- Task instructions: Once the line containing "Alt View 2." is found in the data below, repeat it and every later line exactly, leaving the pictures out.

- Given material:
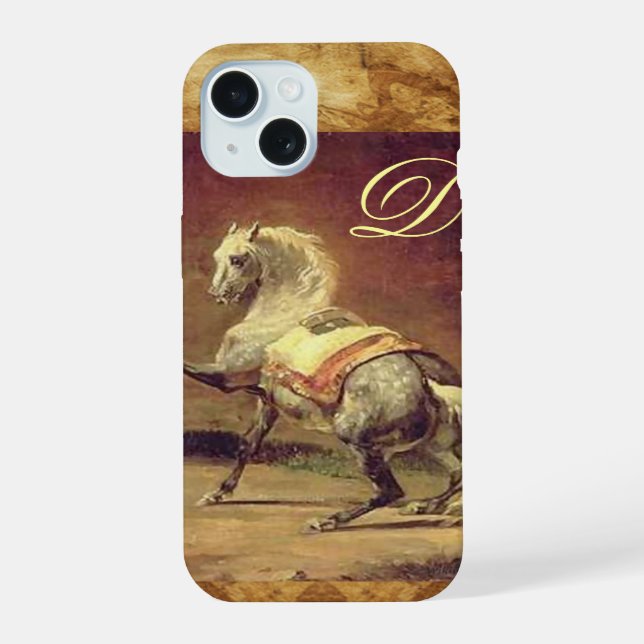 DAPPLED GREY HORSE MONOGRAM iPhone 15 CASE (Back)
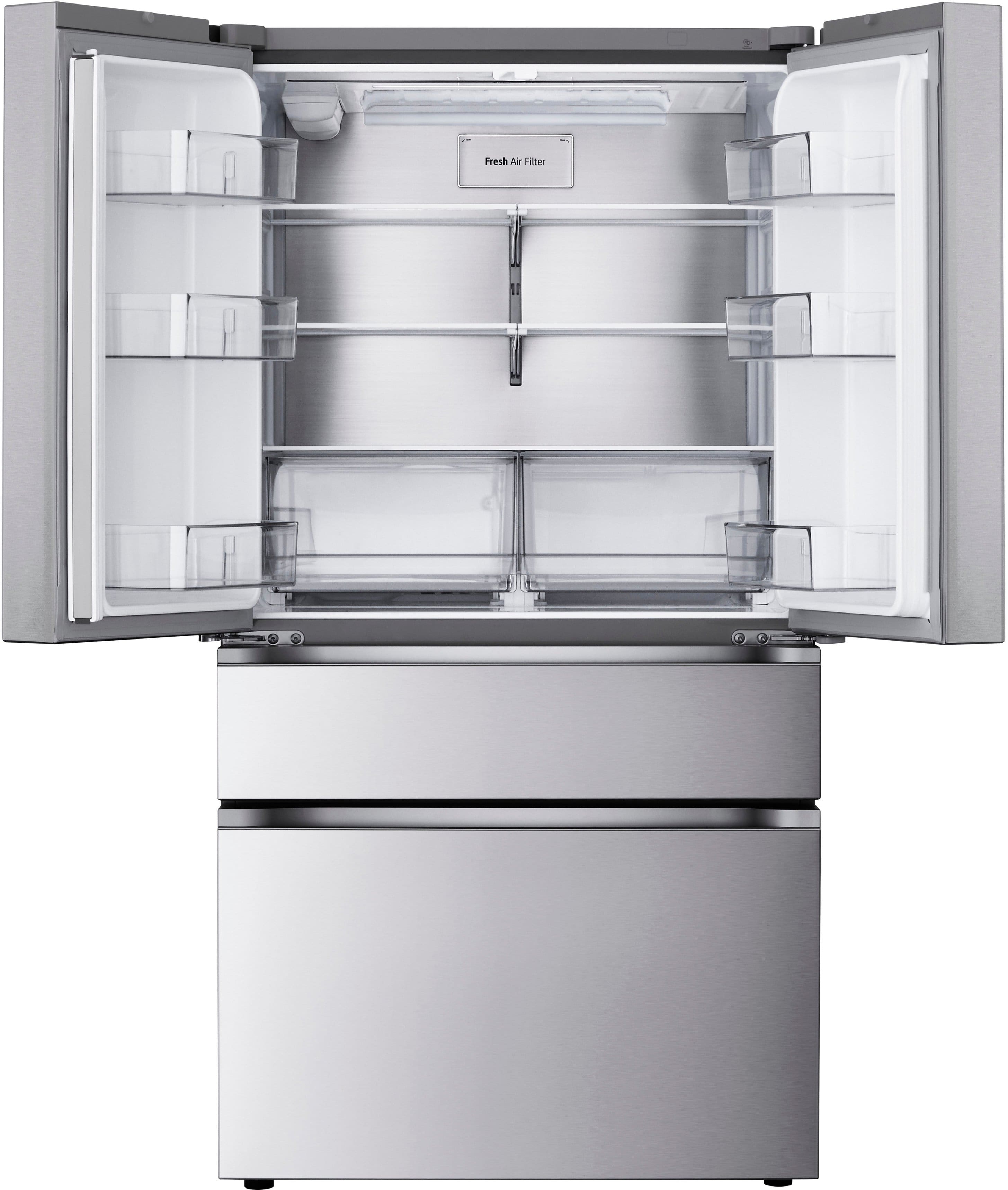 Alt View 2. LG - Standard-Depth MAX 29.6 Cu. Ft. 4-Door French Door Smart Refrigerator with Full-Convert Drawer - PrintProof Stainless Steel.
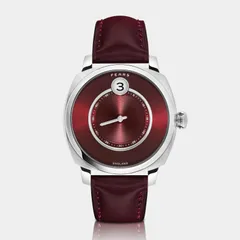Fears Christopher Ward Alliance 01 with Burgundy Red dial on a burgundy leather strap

- Solution for this exercise:
 Alt View 2. LG - Standard-Depth MAX 29.6 Cu. Ft. 4-Door French Door Smart Refrigerator with Full-Convert Drawer - PrintProof Stainless Steel.
Fears Christopher Ward Alliance 01 with Burgundy Red dial on a burgundy leather strap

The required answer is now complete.